== Activity ==
Your answer should be each line of the entries that contains the word "Accessories", copied in full.

== Material for the task ==
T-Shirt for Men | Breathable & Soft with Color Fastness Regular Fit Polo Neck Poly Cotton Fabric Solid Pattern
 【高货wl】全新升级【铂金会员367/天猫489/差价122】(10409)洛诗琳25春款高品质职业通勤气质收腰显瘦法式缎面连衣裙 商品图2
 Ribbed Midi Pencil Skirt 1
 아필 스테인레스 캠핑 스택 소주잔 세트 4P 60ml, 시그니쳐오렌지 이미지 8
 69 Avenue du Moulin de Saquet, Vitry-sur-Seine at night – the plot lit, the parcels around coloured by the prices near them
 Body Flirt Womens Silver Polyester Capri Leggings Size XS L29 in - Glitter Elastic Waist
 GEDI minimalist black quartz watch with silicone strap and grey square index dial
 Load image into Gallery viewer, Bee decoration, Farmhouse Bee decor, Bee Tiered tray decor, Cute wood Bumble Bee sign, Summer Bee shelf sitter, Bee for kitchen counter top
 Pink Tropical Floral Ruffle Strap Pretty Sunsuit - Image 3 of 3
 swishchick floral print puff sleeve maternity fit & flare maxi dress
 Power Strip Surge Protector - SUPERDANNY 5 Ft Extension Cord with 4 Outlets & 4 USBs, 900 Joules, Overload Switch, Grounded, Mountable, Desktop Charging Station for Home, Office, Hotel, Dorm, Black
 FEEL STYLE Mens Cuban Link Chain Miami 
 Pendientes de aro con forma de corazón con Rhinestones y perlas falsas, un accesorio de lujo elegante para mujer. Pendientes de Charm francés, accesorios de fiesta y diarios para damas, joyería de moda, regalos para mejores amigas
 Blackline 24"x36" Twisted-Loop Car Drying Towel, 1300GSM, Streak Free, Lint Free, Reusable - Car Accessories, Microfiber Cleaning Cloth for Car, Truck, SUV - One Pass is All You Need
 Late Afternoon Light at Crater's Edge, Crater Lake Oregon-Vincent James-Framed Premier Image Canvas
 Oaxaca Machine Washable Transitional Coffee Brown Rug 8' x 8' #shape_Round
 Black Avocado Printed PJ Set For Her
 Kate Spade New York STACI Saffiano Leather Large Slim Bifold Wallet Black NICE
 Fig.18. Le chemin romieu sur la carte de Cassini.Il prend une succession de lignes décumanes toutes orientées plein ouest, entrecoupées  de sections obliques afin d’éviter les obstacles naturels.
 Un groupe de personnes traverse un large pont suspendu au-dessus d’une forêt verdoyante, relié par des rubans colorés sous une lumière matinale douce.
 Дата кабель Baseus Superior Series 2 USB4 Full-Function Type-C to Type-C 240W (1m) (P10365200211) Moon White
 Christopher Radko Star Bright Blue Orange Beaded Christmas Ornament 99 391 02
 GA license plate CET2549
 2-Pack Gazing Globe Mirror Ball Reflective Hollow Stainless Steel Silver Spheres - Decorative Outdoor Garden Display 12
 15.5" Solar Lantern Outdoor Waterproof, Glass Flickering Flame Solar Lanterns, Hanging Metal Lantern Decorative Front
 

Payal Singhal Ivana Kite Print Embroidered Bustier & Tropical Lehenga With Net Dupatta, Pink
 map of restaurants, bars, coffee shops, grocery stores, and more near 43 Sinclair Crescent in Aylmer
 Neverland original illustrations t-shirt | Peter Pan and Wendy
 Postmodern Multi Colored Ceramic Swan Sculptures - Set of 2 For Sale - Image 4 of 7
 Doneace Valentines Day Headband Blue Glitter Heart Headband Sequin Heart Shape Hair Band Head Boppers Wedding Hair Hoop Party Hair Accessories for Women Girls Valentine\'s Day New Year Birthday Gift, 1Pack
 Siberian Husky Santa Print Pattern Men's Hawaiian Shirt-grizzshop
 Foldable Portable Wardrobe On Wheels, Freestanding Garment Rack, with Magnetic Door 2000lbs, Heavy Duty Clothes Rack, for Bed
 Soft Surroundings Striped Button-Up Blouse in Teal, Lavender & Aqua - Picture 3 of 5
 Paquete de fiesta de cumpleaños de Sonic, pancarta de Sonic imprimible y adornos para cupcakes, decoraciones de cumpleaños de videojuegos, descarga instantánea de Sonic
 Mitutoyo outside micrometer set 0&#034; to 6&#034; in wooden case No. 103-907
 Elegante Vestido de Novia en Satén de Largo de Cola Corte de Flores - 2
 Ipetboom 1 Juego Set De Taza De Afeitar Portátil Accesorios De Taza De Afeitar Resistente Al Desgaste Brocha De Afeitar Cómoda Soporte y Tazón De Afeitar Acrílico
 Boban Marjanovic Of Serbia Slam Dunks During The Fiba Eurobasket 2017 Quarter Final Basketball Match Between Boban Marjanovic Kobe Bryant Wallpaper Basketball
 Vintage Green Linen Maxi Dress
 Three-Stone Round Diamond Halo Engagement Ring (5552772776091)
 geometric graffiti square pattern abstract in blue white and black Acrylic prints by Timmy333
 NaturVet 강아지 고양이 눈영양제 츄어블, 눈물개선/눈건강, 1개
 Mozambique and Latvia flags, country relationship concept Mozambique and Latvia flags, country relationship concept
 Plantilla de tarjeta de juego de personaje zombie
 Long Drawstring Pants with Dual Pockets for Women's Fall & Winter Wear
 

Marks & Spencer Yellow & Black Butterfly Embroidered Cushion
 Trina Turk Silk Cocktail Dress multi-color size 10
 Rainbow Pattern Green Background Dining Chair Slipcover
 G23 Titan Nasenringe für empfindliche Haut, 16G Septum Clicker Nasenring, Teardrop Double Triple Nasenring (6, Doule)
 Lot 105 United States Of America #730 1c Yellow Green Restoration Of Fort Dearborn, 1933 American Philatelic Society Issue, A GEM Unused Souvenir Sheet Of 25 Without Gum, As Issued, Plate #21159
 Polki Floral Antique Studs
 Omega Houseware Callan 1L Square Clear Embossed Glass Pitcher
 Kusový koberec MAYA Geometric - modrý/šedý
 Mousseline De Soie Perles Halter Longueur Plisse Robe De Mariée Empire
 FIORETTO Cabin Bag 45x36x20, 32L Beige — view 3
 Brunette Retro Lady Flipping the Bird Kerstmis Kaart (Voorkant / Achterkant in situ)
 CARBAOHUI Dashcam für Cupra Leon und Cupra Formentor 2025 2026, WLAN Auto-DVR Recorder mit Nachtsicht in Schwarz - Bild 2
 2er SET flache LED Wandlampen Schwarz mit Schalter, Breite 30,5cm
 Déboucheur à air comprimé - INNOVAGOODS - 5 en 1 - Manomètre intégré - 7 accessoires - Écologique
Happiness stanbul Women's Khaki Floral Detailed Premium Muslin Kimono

== Your response ==
 Blackline 24"x36" Twisted-Loop Car Drying Towel, 1300GSM, Streak Free, Lint Free, Reusable - Car Accessories, Microfiber Cleaning Cloth for Car, Truck, SUV - One Pass is All You Need
 Doneace Valentines Day Headband Blue Glitter Heart Headband Sequin Heart Shape Hair Band Head Boppers Wedding Hair Hoop Party Hair Accessories for Women Girls Valentine\'s Day New Year Birthday Gift, 1Pack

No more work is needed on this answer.